Yeah but 25% gets u a network of guys waiting to lease ground.....I know alot on here don't agree with leasing but it is the future whether we like it or not.....most of the farmers that go with a company dont want the hassle of doing it so its worth the 25% for them..

Great point, plus they ask what you want and tack on their surcharge after that.
 
Specific to a hunting only lease, I don't believe a farm or personal policy will extend complete coverage. I'd be interested as to why you feel this would be the case. Take a treestand fall for example....

I called an underwriter who sells hunting lease insurance. They told me if you're leasing something on the smaller side, that's not terribly expensive (by lease standards), a personal ranch or farm policy will cover the landowner. It would have medical payments and liability/bodily injury coverage. They both would cover a treestand fall.
 
I called an underwriter who sells hunting lease insurance. They told me if you're leasing something on the smaller side, that's not terribly expensive (by lease standards), a personal ranch or farm policy will cover the landowner. It would have medical payments and liability/bodily injury coverage. They both would cover a treestand fall.

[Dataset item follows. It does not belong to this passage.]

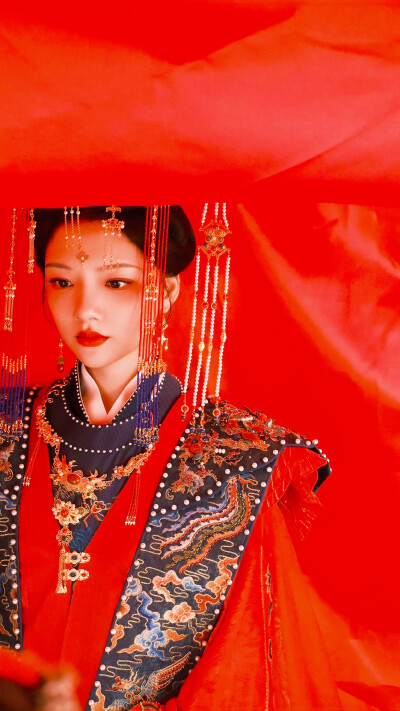 良陈美锦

The farm policy could cover the landowner, but not the lessee. The hang up would be "business operations" because the landowner is making a profit from the lease. I've heard that with permission liability stays with the hunter but when paying it transfers back the to the landowner.

Obviously, even signed waivers can't protect anyone in the event of a major claim thanks to our wonderful court system but that's a whole different discussion.

It was interesting what those lease policies cover. Some only cover accidents from hunting and exclude atv's while others do not. Note they didn't not disclose until asked!

I paid an extra 100 bucks for the QDMA policy because atv liability was included.
 
I've heard that with permission liability stays with the hunter but when paying it transfers back the to the landowner.

Obviously, even signed waivers can't protect anyone in the event of a major claim thanks to our wonderful court system but that's a whole different discussion.

That's what this whole thread was about when it started. With permission only, the landowner is NOT at fault. This court ruling now says differently.